Abstract

SUMMRY AND CONCLUSIONS A number (887) of larvae of Sitodrepa panicea L. were examined with a view to testing the application of Dyar's law and the possibility estimating the number of larval instars by measuring the head capsule a random population. The measurements were found to fall into two groups, one slightly larger than the other, whose growth ratios approximated to two geometrical series, one with a common ratio of 1–12, the other with a common ratio of 1.11. It is suggested that these two groups represent the sexes. On this hypothesis it would appear that the males undergo a minimum of four larval ecdyses, and the females a minimum of five. Miles (loc. cit,) postulates a similar phenomenon for several species of Tenthredinidae. Furthermore, the sex ratio is not unity. The method of investigating the growth ratio of the larva by the measurement of a large population, is not entirely satisfactory.

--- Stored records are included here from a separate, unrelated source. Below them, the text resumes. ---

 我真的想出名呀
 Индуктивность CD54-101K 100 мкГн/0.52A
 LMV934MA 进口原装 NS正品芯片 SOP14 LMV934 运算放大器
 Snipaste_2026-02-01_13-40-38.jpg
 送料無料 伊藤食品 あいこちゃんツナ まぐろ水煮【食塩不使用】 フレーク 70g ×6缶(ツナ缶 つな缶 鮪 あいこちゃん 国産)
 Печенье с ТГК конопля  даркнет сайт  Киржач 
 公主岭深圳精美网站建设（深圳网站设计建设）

Owing to diversity of causes such as the periodicity of egg‐laying, insufficient numbers of the young larvae were obtained, and no satisfactory conclusions with regard to the number of these early instars can be reached. The analysis of the data is further complicated by the variation in size and presumed overlapping of the instars in both sexes. Until much larger and more representative populations, or many more samples of small populations can be examined, such a method of determining the number of larval instars in a given insect can be but of debatable value.